Important

You are viewing documentation for an older version of Confluent Platform. For the latest, click here.

Clustered Deployment

This tutorial runs a three-node Kafka cluster and ZooKeeper ensemble. By the end of this tutorial, you will have successfully installed and run a simple deployment with Docker.

Note

If you’re looking for a simpler tutorial, please refer to the quick start guide, which is limited to a single node Kafka cluster.

It is worth noting that we will be configuring Kafka and ZooKeeper to store data locally in the Docker containers. For production deployments (or generally whenever you care about not losing data), you should use mounted volumes for persisting data in the event that a container stops running or is restarted. This is important when running a system like Kafka on Docker, as it relies heavily on the filesystem for storing and caching messages. For an example of how to add mounted volumes to the host machine, see the documentation on Docker external volumes.

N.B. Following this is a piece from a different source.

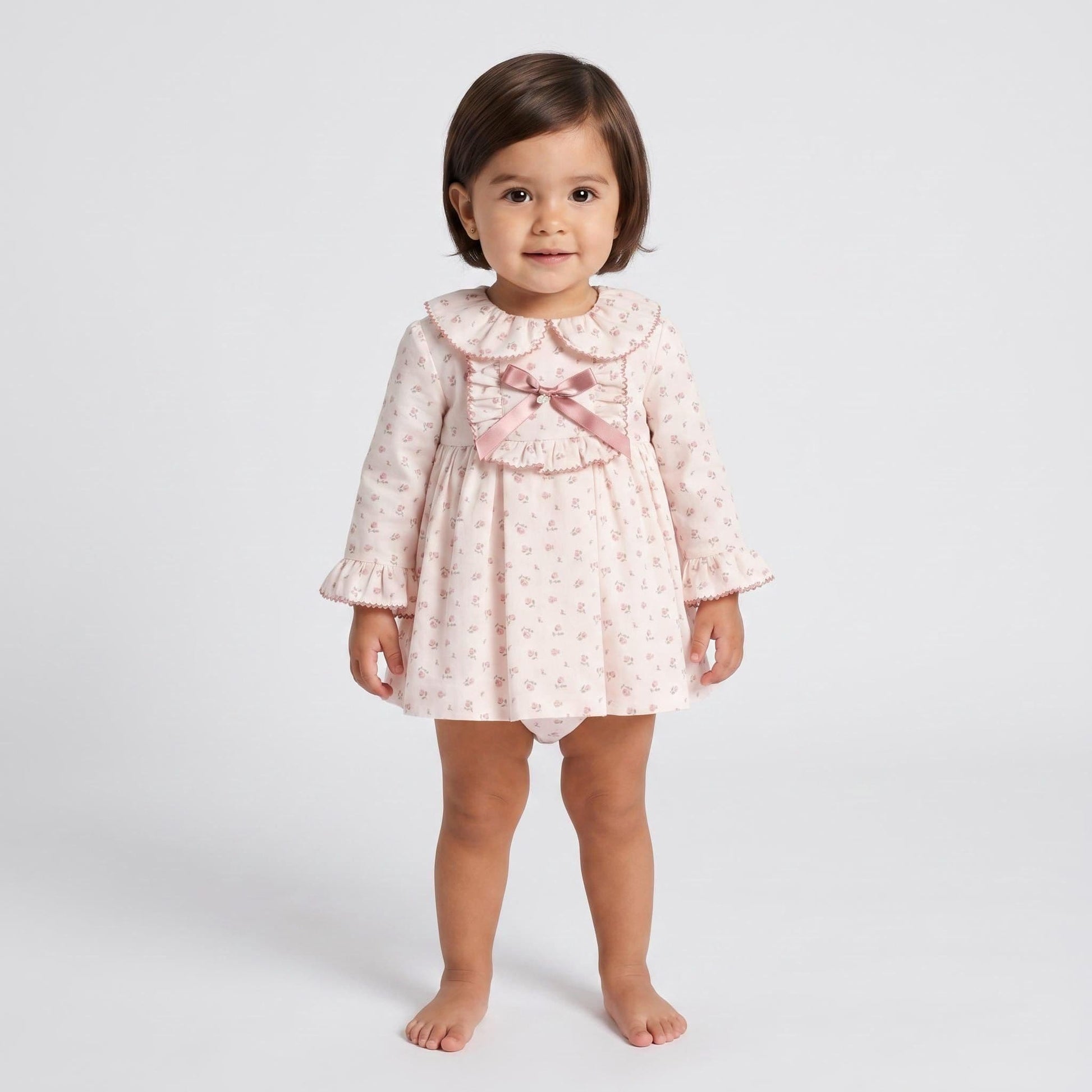 *SALE* FOQUE Baby Girls Light Pink Floral Cotton Dress & Bloomers Set "2425219"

Installing and Running Docker

For this tutorial, we’ll run Docker using the Docker client. If you are interested in information on using Docker Compose to run the images, skip to the bottom of this guide.

To get started, you’ll need to first install Docker and get it running. The Confluent Platform Docker Images require Docker version 1.11 or greater.

Docker Client: Setting Up a Three Node Kafka Cluster

If you’re running on Windows or Mac OS X, you’ll need to use Docker Machine to start the Docker host. Docker runs natively on Linux, so the Docker host will be your local machine if you go that route. If you are running on Mac or Windows, be sure to allocate at least 4 GB of ram to the Docker Machine.

Now that we have all of the Docker dependencies installed, we can create a Docker machine and begin starting up Confluent Platform.

Note

In the following steps we’ll be running each Docker container in detached mode. However, we’ll also demonstrate how access the logs for a running container. If you prefer to run the containers in the foreground, you can do so by replacing the -d flags with -it.

  1. Create and configure the Docker machine.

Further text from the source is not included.